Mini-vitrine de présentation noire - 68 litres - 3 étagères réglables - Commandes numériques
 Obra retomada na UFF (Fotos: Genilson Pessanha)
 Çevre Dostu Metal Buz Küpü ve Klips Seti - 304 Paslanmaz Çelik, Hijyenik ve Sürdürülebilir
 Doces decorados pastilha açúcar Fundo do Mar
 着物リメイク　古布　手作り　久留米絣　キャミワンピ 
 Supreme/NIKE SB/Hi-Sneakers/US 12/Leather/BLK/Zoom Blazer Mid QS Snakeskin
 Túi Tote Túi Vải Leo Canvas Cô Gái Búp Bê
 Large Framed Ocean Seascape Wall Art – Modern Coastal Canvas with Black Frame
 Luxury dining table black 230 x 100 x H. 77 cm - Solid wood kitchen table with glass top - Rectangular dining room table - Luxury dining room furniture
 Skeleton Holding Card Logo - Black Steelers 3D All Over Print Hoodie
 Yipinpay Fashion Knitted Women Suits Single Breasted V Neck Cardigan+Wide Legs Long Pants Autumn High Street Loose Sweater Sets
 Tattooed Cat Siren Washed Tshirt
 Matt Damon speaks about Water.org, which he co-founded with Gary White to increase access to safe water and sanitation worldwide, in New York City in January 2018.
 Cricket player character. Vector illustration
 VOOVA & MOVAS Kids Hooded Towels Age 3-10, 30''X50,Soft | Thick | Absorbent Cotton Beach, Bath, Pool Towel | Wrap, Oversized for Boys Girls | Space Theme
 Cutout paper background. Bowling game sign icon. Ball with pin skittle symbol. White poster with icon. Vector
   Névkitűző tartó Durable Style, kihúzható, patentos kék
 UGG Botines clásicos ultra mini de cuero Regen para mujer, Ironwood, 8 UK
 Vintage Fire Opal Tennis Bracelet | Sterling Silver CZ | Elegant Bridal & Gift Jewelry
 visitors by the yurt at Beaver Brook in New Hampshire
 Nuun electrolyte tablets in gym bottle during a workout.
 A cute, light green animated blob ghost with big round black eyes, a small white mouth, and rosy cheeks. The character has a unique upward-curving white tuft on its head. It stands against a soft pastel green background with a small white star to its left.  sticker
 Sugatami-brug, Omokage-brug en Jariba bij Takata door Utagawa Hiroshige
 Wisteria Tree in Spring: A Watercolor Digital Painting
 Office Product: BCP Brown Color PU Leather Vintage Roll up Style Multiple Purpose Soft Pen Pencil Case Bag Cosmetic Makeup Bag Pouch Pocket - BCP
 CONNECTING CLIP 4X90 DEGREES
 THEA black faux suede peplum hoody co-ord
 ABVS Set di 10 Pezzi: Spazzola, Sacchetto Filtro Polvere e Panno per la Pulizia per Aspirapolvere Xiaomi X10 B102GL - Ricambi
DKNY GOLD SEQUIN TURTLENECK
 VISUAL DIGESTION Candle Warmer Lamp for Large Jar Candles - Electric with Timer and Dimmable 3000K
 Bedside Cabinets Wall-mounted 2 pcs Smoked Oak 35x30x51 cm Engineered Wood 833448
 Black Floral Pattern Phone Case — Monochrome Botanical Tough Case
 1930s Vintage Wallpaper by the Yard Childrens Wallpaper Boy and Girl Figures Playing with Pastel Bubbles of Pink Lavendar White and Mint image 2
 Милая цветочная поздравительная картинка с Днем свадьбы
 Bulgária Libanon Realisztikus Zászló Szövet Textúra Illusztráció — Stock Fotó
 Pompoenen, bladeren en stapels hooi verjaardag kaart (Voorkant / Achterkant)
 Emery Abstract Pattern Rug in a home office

_Problem details_
For this exercise, please copy exactly the lines of the material above from its first line through the line where "Luxury dining table" appears.

_Solution_
Mini-vitrine de présentation noire - 68 litres - 3 étagères réglables - Commandes numériques
 Obra retomada na UFF (Fotos: Genilson Pessanha)
 Çevre Dostu Metal Buz Küpü ve Klips Seti - 304 Paslanmaz Çelik, Hijyenik ve Sürdürülebilir
 Doces decorados pastilha açúcar Fundo do Mar
 着物リメイク　古布　手作り　久留米絣　キャミワンピ 
 Supreme/NIKE SB/Hi-Sneakers/US 12/Leather/BLK/Zoom Blazer Mid QS Snakeskin
 Túi Tote Túi Vải Leo Canvas Cô Gái Búp Bê
 Large Framed Ocean Seascape Wall Art – Modern Coastal Canvas with Black Frame
 Luxury dining table black 230 x 100 x H. 77 cm - Solid wood kitchen table with glass top - Rectangular dining room table - Luxury dining room furniture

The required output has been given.